Using numactl on Processes
How numactl command arguments impact processes
Consider the effects of the following command on a Stampede3 Skylake node with 48 cores:
numactl <option socket(s)/core(s)> ./a.out
| For a Process:
Socket Control |
For a Process's Memory:
Socket Control |
For a Process:
Core Control |
|
assignment to socket(s) -N
|
pattern of memory allocation (local, interleaved, pref., mandatory) -l, -i, --preferred, -m
|
assignment to core(s) -C
|
Quick guide to numactl
| Flag | Arguments | Action | |
|---|---|---|---|
| Socket Affinity | -N |
{0,1} | Execute process on cores of this (these) socket(s) only. |
| Memory Policy | -l |
no argument | Allocate on current socket; fallback to any other if full. |
| Memory Policy | -i |
{0,1} | Allocate round robin (interleave) on these sockets. No fallback. |
| Memory Policy | --preferred= |
{0,1} | Allocate on this socket; fallback to any other if full. |
| Memory Policy | -m |
{0,1} | Allocate only on this (these) socket(s). No fallback. |
| Core Affinity | -C |
{0,1,2,3,...47} | Execute process on this (these) core(s) only. |
| NUMA Information | --hardware |
no argument | Display detailed info about NUMA nodes and internode distances. |
Notes on terminology
So far, the discussion of NUMA has involved familiar hardware objects like sockets (or equivalently, processors) and cores. However, these terms can be generalized into broader concepts, namely, NUMA nodes and hardware threads. In typical x86-based processors like Intel Xeons, one often assumes that NUMA nodes are the same as sockets, and hardware threads are the same as cores. But for x86 processors built from multi-chip modules (e.g., Intel's "EMIB" technology), or for Xeons with hyperthreading enabled, these assumptions can break down.
In the more general conception of hardware that numactl works with, NUMA nodes are the predesignated pools of memory that are deemed to be
"closer" to one group of hardware threads than to another group. Hardware threads may also be referred to as "logical CPUs" or "virtual CPUs" (vCPUs).
Further details on numactl use can be found by typing man numactl on the system you are using. A summary of the NUMA nodes available
on a given machine, as well as other CPU-related info, can be obtained by running lscpu.
Specific considerations for memory usage and NUMA node configurations on TACC systems can be found in the respective user guides at the TACC documentation hub. More background on NUMA, specifically in NUMA in Linux, can be found in this ACM Queue article.

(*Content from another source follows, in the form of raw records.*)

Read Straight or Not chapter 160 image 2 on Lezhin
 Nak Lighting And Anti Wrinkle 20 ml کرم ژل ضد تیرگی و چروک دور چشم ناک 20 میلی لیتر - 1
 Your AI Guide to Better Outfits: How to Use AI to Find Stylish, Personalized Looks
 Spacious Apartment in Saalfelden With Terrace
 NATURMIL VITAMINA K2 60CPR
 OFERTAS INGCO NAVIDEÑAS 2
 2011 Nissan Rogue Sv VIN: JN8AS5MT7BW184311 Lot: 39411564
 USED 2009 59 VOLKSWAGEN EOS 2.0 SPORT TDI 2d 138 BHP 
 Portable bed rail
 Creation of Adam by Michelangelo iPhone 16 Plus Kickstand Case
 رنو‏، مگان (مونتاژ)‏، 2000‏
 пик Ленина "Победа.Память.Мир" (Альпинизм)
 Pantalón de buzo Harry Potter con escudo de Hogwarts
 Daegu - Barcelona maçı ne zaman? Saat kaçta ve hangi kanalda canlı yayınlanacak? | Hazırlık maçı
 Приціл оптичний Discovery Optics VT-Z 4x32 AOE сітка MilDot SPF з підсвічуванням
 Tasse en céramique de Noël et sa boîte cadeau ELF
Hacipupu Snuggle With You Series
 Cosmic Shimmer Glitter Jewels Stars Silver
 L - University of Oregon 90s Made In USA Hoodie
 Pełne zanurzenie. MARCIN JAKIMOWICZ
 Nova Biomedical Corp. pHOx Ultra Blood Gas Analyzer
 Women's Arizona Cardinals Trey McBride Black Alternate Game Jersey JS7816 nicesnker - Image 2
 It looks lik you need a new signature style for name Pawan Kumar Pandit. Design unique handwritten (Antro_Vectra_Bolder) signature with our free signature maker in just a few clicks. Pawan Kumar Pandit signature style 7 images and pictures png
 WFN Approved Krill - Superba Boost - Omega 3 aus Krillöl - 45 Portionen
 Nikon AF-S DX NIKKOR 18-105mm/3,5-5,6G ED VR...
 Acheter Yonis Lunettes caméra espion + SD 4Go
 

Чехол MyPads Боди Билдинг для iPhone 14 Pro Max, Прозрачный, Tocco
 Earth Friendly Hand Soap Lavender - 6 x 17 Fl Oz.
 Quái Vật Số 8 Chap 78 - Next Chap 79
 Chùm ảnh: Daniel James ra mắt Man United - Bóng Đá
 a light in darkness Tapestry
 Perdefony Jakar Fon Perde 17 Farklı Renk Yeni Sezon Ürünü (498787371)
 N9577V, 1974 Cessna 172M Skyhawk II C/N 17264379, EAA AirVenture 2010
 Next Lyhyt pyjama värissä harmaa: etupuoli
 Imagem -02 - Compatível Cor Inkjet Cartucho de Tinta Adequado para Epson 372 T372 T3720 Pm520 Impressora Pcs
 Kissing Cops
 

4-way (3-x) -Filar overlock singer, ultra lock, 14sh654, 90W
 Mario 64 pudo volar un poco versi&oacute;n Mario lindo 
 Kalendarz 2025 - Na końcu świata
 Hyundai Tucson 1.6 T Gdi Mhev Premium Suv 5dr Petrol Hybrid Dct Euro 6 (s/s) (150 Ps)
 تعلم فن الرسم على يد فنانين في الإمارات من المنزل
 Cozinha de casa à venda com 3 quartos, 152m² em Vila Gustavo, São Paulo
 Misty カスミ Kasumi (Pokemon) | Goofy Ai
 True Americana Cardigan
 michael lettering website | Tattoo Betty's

Historical note: in the past, Stampede2 used to offer multiple extra batch queues to provide optional NUMA-node configurations for its KNL nodes.
These Xeon Phi processors came with special onboard memory called MCDRAM. To identify the NUMA node
that corresponded to the high-bandwidth MCDRAM memory, one could issue a helpful command from the memkind library, memkind-hbw-nodes.